How long did it take to carve a hippo tooth, and how much money would it bring? She was sure it would not be significant to a bunch of Germans in an airship. It seemed pointless.
And if you dumped two or three hundred ivory teeth into the market all at one time, wouldn’t that bring the price down? Economics was not a subject she studied, but it stood to reason. When things were scarce their price went up, that was easy to understand; so logically, if there was a lot of something, the price would come down.
And the Germans had a lot of hippo teeth.
A strong gust of wind buffeted the Pegasus she adjusted without even thinking about it. The sun had gone behind a bank of cumulonimbus clouds building in the south. Storm coming, but it might miss them.
“Khuwelsa?” she called above the noise of the engine.
Her sister turned up a few moments later, squeezing between the chair and Bakari. “Problem?”
“If you call intense boredom a problem,” Harry said. “No, not that. What else can you use hippo teeth for?”
“As opposed to … ?”
“Carving and selling. It doesn’t make sense they would want it for that.”
At that moment the little weight they had vanished completely as the Pegasus dropped for a few seconds. Reacting instinctively, Harry put the nose down and shoved the throttle to maximum. The propeller roared and shot them forwards into solid air.
Khuwelsa explained to Bakari in halting Bantu that sometimes there were pockets of bad air. They had been driving towards the ground at increasing speed until Harry felt lift under her wings again and she pulled up, letting the power off the propeller at the same time. The ship tilted nose up and she regained altitude.
There were a few anxious faces as Bakari communicated his limited understanding to the rest of his men. One of them forced a laugh and the others joined in. Harry was not impressed by their posturing.

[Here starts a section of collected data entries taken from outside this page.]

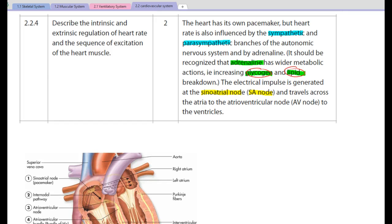With respect to the difference between intrinsic and extrinsic regulation: intrinsic regulation is the fact that our heart will continue, unless we die or have a massive heart attack, to beat in a normal fashion of its own accord, providing its own electrical stimulus from the SA node, unless we receive external stimuli of some description.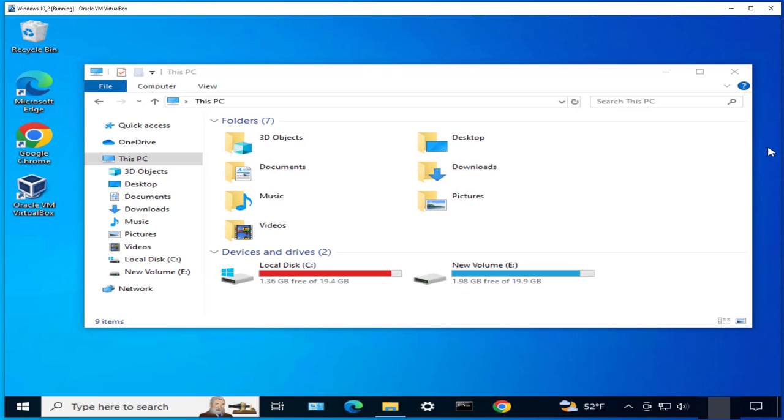Hey guys, welcome back to my channel. In this video we'll look at how we can increase or enlarge the virtual machine disk size in VirtualBox. I have a Windows 10 virtual machine right here.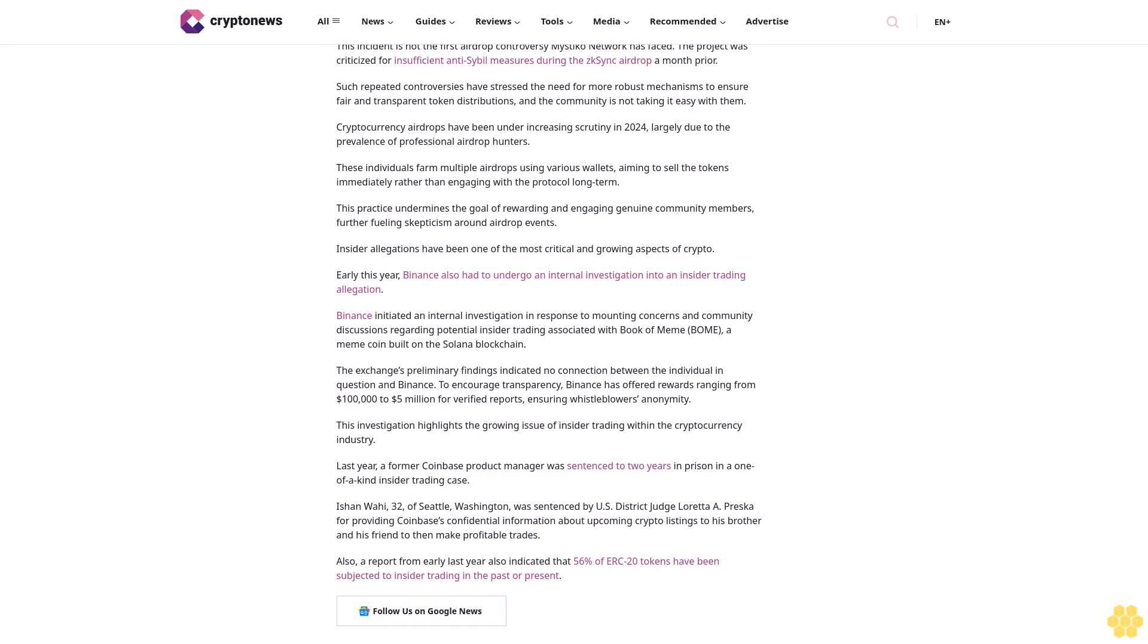Last year, a former Coinbase product manager was sentenced to two years in prison in a one-of-a-kind insider trading case. Ishan Wahi, 32, of Seattle, was sentenced by U.S. District Judge Loretta Preska for providing Coinbase's confidential information about upcoming crypto listings to his brother and his friend to make profitable trades.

“We’re going to have to put down,” Harry said to Khuwelsa. “That storm is going to be bad enough on the plain, but that’s the Usambaras ahead. The air’s just going to be too messy and we daren’t take a lightning strike so far from the ground.”
Bakari gave a cry and pointed down. Following his pointing finger, the sisters recognised the hippo killing ground they had landed at before.
“Tell them we’re going down,” said Harry.
Khuwelsa passed it on and asked them to get on the line again. Harry was grateful, as she felt crowded with the two so close beside her. She had enjoyed going to dances with Johannes, but not when they became too crowded. She preferred open sky where you could see the horizon fifty miles away at any given moment.
Unlike this moment, when the horizon was rapidly disappearing in the grey mist of the approaching storm. Flashes of lightning zipped across the surfaces and the inner parts of the cloud lit up again and again. This was a bad one.
There was no time to be delicate. She glanced back to make sure the passengers were holding on tight, then put the Pegasus into a powered dive at a high angle. The nature of the Faraday device was that it only reduced gravity directly above it, in relation to the source of gravity. The grid of the Pegasus ran along the bottom of its fuselage and into the individual feathers. So if it tilted off being completely flat, parts of the ship extended beyond the field and increased in weight.
It was a problem with all flyers; tilting too far meant you no longer had lift, and that could be fatal. On this occasion she was using it to increase her fall towards the ground. It was coming up fast. She flipped the wings out to act as brakes, killed the power to the propeller, then beat hard and fast to arrest their speed.
A moment before they touched down, lightning pierced the increasing gloom and touched her starboard wingtip. The Faraday cut out and they landed with a crash.